A superconducting inductor 602 is connected between nodes 604 and 605. An input voltage source 601 is connected between the node 604 and a ground. A Josephson junction 603 is connected between the node 605 and the ground. When a sampling clock signal SMP is supplied to the node 605, an output signal Y(z) is output from the node 605.
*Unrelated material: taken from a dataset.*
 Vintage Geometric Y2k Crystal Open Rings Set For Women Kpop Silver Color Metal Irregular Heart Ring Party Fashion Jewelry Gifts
The input voltage source 601 supplies an input signal to the node 604. The superconducting inductor 602 composes an integrator, and a current obtained by integrating the input signal flows through the superconducting inductor 602. The Josephson junction 603 composes a quantizer and has a property of outputting a voltage pulse corresponding to a digital value “1” when the current flowing through the Josephson junction 603 is larger than a threshold and outputting no voltage pulse corresponding to the digital value “0” when the current is smaller than the threshold. A single flux quantum Φ0 is obtained by time-integrating this voltage pulse. The single flux quantum Φ0 is 2.07 fWb and corresponds to a voltage pulse of 2.07 mV·ps. When the Josephson junction 603 outputs the single flux quantum Φ0, the integrated current flowing through the superconducting inductor 602 is reduced by an amount corresponding to a single flux quantum (Φ0/L). Here, L is an inductance of the superconducting inductor 602. By performing such single-loop feedback, the sigma-delta modulated signal Y(z) is output. The Josephson junction 603 performs analog to digital (A/D) conversion by quantization in response to the sampling clock signal SMP. The output signal Y(z) becomes a time series of the digital value “1” and “0”. By using this sigma-delta modulator, an A/D converter can be constructed.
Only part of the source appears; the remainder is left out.